The Kristopher Corporation, a manufacturer of steel products, began operations on January 1, 2021. They have a December 31 year-end. The following information has been attained from the companys records and personnel:

Depreciation is computed from the first of the month of acquisition to the first of the month of disposition.

Residual value is assumed, unless stated differently, as follows:

Buildings 5%

Equipment & Machinery 10%

Estimated useful lives and depreciation method is assumed, unless stated differently, as follows:

Buildings 40 years SL

Equipment & Machinery 10 years DDB

Required:

Land A and Building A were acquired on January 1, 2022 from a predecessor corporation. Kristopher paid $1,250,000 for the land and building together. The total cost was allocated between land and building as follows: Land $200,000 and Building $1,050,000. Calculate the book value of the building at December 31, 2022.

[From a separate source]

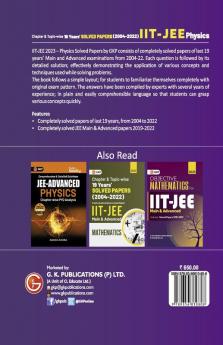 IIT JEE 2023 Physics (Main & Advanced) - 19 Years Chapter wise & Topic wise Solved Papers 2004-2022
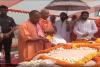 योगी आदित्यनाथ ने रखी राम मंदिर गर्भगृह की आधारशिला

Land B was acquired on January 2, 2022, in exchange for $175,000. During January 2022, Kristopher paid $12,000 to demolish an existing building on this land so it could construct a new building. However, they received $1,500 from the sale of the salvaged material. Calculate the amount that Kristopher should capitalize for Land B.

Equipment was acquired on January 2, 2021 for $45,000. Calculate the book value of the equipment as of December 31, 2022.

Machine As total cost (acquired on January 1, 2021) of $220,000 includes installation charges of $550 and normal repairs and maintenance of $8,000. Machine A was sold on March 1, 2022 for $156,000. Calculate the gain or loss that should be recorded on the sale of the machinery.